Advanced PDF to PowerPoint converter with high fidelity
Project description
PDFToPPT - Advanced PDF to PowerPoint Converter
A high-fidelity Python package for converting PDF documents to PowerPoint presentations. This tool preserves layouts, images, text formatting, and vector graphics with exceptional accuracy.
Features
- High Fidelity Conversion: Preserves original PDF layouts, fonts, colors, and formatting
- Vector Graphics Support: Converts PDF vector elements (lines, rectangles) to PowerPoint shapes
- Image Preservation: Extracts and embeds images with transparency support
- Text Formatting: Maintains font styles, sizes, colors, bold, and italic formatting
- Custom Page Ranges: Convert specific pages or page ranges
- Batch Processing: Process multiple pages efficiently
- Command Line Interface: Easy-to-use CLI for automation
- Python API: Full programmatic access for integration
Installation
From PyPI (Recommended)
pip install pdftoppt
From Source
git clone https://github.com/amitpanda007/pdftoppt.git
cd pdftoppt
pip install -e .
Dependencies
- Python 3.7+
- PyMuPDF (fitz) >= 1.20.0
- python-pptx >= 0.6.18
- Pillow >= 8.0.0
Quick Start
Command Line Usage
# Convert entire PDF
pdftoppt input.pdf output.pptx
# Convert specific page range
pdftoppt input.pdf output.pptx --pages 1-5
# Convert with verbose logging
pdftoppt input.pdf output.pptx --verbose
# Get help
pdftoppt --help
Python API Usage
from pdftoppt import AdvancedPDFToPowerPointConverter
# Basic conversion
with AdvancedPDFToPowerPointConverter() as converter:
success = converter.convert("input.pdf", "output.pptx")

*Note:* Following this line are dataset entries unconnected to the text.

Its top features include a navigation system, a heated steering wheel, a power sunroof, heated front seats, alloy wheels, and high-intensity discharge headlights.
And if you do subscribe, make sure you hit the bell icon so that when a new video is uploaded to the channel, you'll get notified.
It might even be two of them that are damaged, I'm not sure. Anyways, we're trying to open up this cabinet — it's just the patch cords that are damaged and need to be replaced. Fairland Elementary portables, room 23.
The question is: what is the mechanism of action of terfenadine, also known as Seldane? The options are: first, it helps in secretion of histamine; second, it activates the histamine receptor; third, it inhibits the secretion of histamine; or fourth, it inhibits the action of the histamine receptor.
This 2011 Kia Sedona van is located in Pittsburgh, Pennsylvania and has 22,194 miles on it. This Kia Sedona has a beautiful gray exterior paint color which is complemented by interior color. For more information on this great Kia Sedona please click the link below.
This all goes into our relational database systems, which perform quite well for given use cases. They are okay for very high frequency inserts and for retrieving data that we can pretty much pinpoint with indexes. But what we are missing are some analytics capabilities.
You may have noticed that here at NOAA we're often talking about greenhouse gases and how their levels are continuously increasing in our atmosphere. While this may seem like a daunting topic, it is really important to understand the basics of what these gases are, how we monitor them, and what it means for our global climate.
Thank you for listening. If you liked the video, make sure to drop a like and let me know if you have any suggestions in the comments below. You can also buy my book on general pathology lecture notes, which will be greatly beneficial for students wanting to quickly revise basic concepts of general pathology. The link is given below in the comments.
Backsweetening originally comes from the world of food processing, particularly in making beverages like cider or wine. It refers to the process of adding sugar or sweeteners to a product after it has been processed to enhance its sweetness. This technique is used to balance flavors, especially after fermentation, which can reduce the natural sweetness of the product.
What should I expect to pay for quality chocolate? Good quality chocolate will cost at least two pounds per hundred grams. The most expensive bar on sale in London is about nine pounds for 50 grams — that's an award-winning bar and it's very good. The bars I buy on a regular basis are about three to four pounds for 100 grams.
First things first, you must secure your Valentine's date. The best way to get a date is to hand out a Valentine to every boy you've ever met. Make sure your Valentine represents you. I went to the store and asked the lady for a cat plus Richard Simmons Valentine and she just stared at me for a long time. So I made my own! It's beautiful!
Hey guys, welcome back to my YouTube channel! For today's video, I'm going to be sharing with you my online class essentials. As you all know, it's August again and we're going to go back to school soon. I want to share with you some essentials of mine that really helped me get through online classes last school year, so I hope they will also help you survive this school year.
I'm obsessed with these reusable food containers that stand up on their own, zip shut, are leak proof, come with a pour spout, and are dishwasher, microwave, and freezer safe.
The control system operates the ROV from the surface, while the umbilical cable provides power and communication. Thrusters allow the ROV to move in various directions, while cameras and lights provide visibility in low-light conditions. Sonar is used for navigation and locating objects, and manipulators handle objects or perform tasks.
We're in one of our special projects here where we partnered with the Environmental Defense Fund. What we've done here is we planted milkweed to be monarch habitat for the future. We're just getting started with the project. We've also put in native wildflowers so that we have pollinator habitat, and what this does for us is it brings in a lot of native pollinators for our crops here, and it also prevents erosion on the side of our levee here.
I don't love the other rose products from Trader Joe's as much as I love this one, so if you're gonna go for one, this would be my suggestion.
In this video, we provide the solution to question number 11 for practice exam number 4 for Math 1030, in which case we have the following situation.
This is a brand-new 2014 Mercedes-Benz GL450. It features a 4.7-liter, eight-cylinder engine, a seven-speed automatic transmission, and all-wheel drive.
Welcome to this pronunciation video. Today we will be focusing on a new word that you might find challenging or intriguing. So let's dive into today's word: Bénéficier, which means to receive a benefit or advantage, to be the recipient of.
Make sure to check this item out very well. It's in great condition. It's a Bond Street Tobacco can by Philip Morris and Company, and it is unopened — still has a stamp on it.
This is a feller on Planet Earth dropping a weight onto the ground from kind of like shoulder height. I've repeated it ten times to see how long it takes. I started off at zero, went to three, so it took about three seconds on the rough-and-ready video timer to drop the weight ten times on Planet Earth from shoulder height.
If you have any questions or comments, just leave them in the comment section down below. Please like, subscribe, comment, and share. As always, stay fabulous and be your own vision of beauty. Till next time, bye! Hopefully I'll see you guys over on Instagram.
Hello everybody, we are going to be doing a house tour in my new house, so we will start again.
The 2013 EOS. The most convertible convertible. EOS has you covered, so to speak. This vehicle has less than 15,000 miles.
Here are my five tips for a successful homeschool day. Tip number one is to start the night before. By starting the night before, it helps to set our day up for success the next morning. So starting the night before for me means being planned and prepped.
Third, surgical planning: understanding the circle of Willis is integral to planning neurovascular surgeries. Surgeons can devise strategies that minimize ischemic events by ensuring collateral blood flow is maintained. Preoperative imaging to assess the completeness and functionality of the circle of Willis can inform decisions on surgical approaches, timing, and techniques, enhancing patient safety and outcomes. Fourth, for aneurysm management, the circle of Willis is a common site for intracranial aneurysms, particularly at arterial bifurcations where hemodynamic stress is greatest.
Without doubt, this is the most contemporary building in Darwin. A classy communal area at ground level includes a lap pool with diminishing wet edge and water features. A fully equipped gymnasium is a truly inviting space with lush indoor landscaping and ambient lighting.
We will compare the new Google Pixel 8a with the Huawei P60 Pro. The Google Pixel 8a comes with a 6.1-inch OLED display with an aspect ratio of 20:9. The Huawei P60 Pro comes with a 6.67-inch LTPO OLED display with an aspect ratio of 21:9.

print(f"Conversion successful: {success}")
print(f"Slides created: {converter.slides_created}")
# Convert specific pages
with AdvancedPDFToPowerPointConverter() as converter:
success = converter.convert(
pdf_path="input.pdf",
output_path="output.pptx",
page_range=(1, 5) # Convert pages 1-5
)
# With error handling
try:
converter = AdvancedPDFToPowerPointConverter()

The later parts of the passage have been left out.